J. Kanai and A. Bagdanov, "Projection Profile Based Skew Estimation
Algorithm for JBIG Compressed Images," To appear: International
Journal of Document Analysis and Recognition, Springer-Verlag, Volume
1, No. 1, 1998.
Area Background
In general, a lossless data compression algorithm consists of a
transformation/decomposition process and an encoding process. A
lossy compression algorithm utilizes a quantization process before an
encoding process. Our approach attempts to extract useful information
while decoding the bit stream corresponding to a compressed data.
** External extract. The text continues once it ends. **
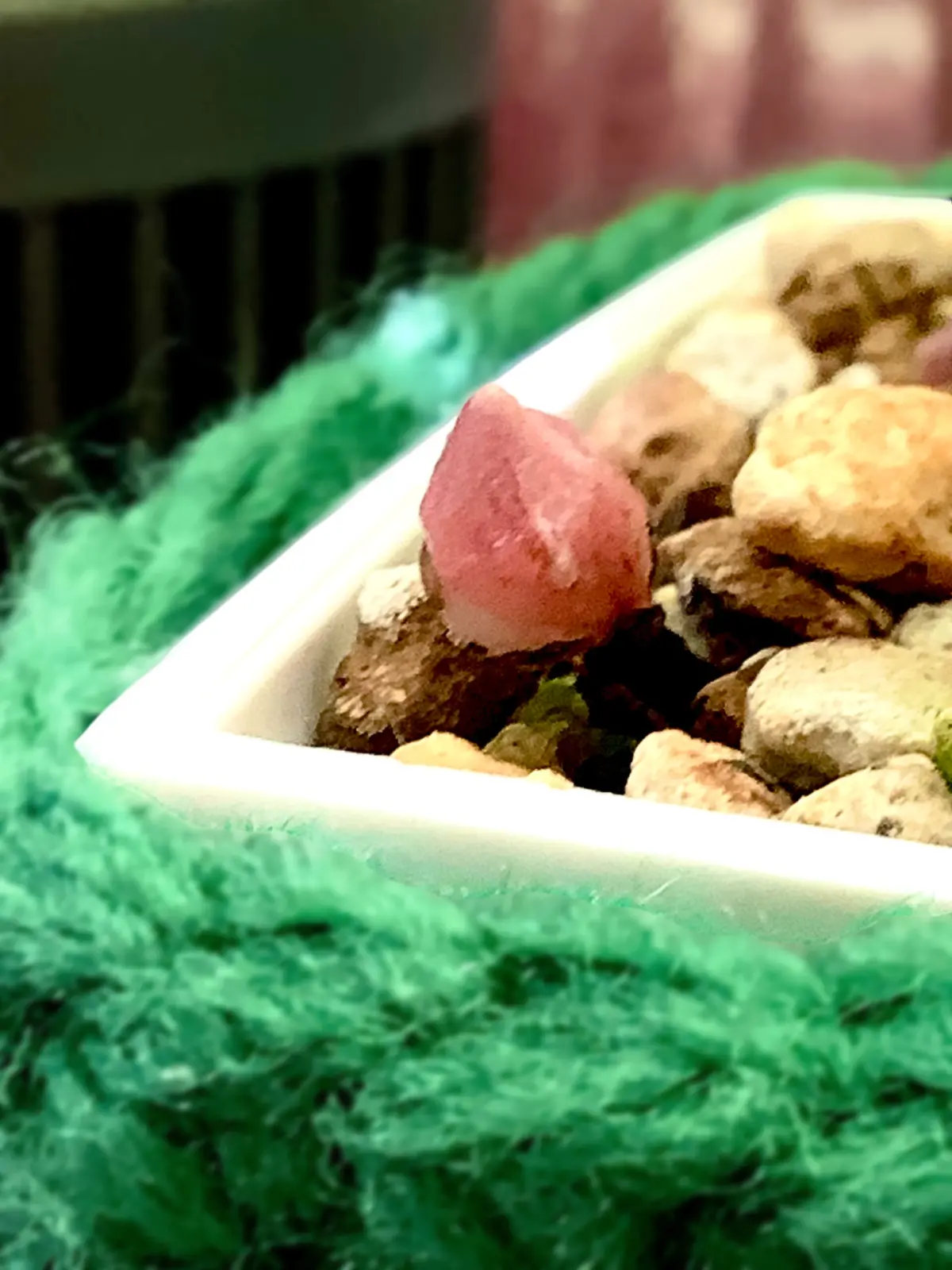 アロカシア　オドラ　バリエガータ　バティック　散り斑クワズイモ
We
also investigate algorithms that manipulate intermediate symbols
generated by a decoding process rather than the original raw data.
Data are expected be processed more rapidly using less memory.
Area References
Since our research relates to both areas of data compression and
information (image) processing, familiarity with data
compression techniques and information processing algorithms is essential.
K. R. Castleman, Digital Image Processing, Prentice Hall, 1996.
K. Sayood, Introduction to Data Compression, Morgan Kaufmann
Publishers, Inc., 1996.
Y. Shima, S. Kashioka, and J. Higashino,
"A High-Speed Rotation Method for Binary Images Based on
Coordinate Operation of
Run Data", Systems and Computers in Japan, vol. 20,
no. 6, pp. 91-102, 1989.
A. L. Spitz, "Analysis of Compressed Document Images for
Dominant Skew, Multiple Skew and Logotype Detection," To appear
Computer Vision and Image Understanding, May, 1998.
Potential Related Projects
Data base operations could be done more efficiently if data were stored
(perhaps in some sort of compressed form) and queried differently from
the classic methods.
Specific compression techniques may prove useful in
improving performance of data intensive applications such as data mining.